Cameras find him rallying against the Authorization for Use of Military Force with Rep. Barbara Lee (D-CA) and recalling a phone call from President Trump, who warned that voting against him on a bill would hamper Massie with the baggage of a primary. Less than a day later, the threat proved serious.

Massie takes the documentarians to First Street SE, straddling the short stretch of road between the Capitol Hill Club and the National Republican Congressional Committee, emphasizing the limited options for members in need of re-election funds. It’s a poignant moment, one of many in the documentary that provides visual evidence of The Swamp’s inner workings.

All the “groveling” that comes with a primary, Massie explains, can be “traced back” to one vote against the party line. As a trio, Massie, Buck, and Gaetz manage to share a handful of anecdotes that pull back the curtain on Washington corruption pretty well.

From his friendship with Khanna to a Peroni-fueled conversation about corporate PAC donations with Hill, the documentary catches Gaetz in some genuinely interesting moments of conversation with progressive Democrats. It also does a reasonably decent job of evaluating Gaetz through the right prism, as a self-styled, Trump-inspired crusader against corruption — even if the current administration is less dedicated to draining the swamp than the president might claim. “I defend flawed people, that’s kind of my thing around here,” Gaetz quips.

Khanna and Lessig both lament the decline of bipartisan compromise, pointing back to bygone eras of major legislation that unified broad coalitions. This is where “The Swamp” hits the same brick wall as its reformers, arriving at cliched complaints about compromise without really grappling with the reality that bipartisan compromise is almost always in the service of cronyism.

Consequently, it makes little sense to lament the death of compromise and lament the persistence of the status quo in the same breath. Sure, members spend less time socializing with one another, and the media environment incentivizes partisan bombast. Those explanations are accurate.

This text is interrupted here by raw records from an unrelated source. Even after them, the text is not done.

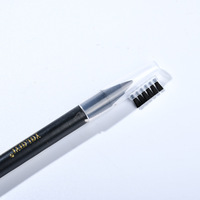 Crayon à sourcils imperméable permanent Microblade Supply Outils de maquillage permanents Maquillage naturel Crayon à sourcils pelable avec pinceau
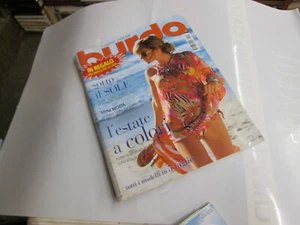BURDA 2009 en italien . - Bild 1 von 2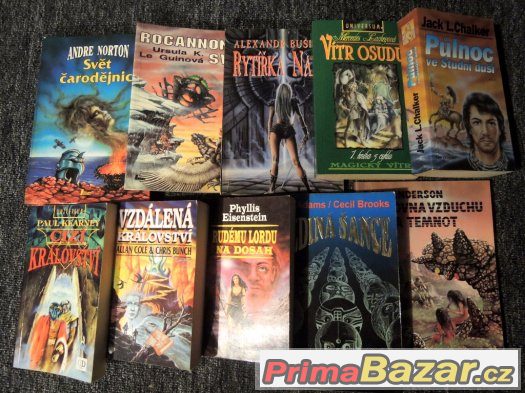 Sada 10 x sci-fi / fantasy knih / knihy (4) – fotografie 1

But asking for compromise right now is asking Nancy Pelosi to find common ground with Mitch McConnell. Consider what they actually agree on.

Bipartisan compromise between anti-establishment Republicans and Democrats should be desirable on a host of issues, from term limits to lobbying bans to Big Tech to China. In Gaetz’s conversations with Khanna and Hill, you can see the broad contours of a cross-party, realignment reform platform. But as Massie likes to say, politicians in the Swamp sometimes end up believing they’re actually in a hot tub.

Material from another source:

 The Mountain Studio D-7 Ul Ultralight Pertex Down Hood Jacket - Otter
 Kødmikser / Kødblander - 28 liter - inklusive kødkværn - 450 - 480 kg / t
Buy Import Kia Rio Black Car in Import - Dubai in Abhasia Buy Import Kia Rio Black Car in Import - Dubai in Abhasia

Compromise, as we understand it today, will not drain anything. Massie advances an optimistic argument towards the documentary’s end, emphasizing that the electorate still has the final say. In that sense, it’s possible the strain of populism Trump injected into the GOP will produce an heir capable of bridging the gap between Democrats like Khanna and Republicans like Gaetz.

“The Swamp” is evidence that such a movement or candidate is more likely to come from the right. What will increasingly prevent reform-minded leftists from huddling with reform-minded conservatives is the left’s normalized intolerance for minor dissent from full progressivism, let alone Trump-friendly Republicans.

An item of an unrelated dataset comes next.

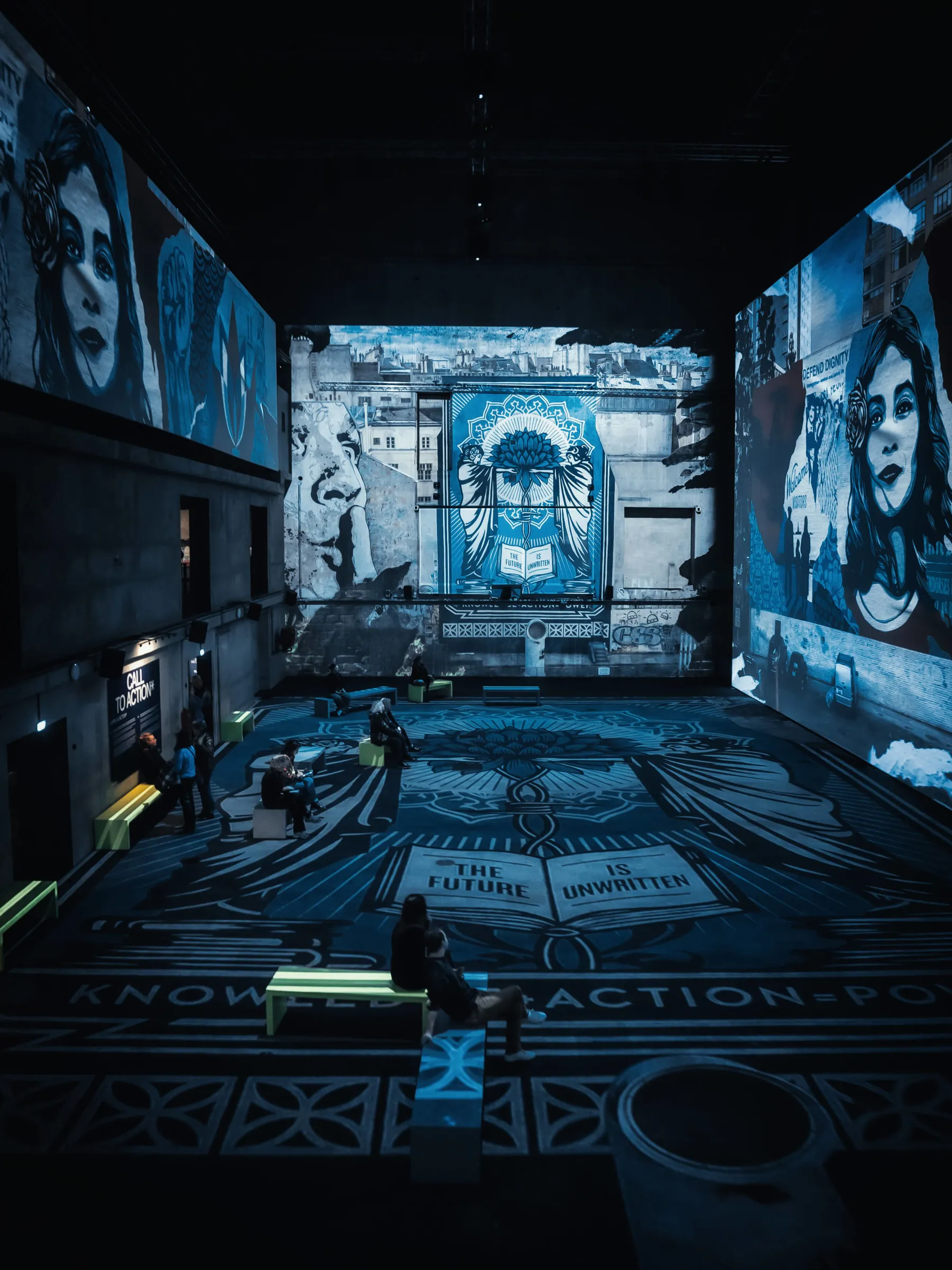 Virtual Graffiti — Loading (Grand Palais Immersif) — visuel 6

The film, which works well without a narrator, ends on a subtly derisive note, suggesting Republicans are unwittingly embarking on something of a fool’s errand. But ultimately “The Swamp’s” exceptional willingness to hear Republican politicians out proves the difficulty of its mission—corporate media and the far left are unwilling to do the same, rendering the expansion of compromise efforts extraordinarily difficult. But to Massie’s point, brewing populist discontent over so-called cancel culture could give the realignment project just the boost it needs.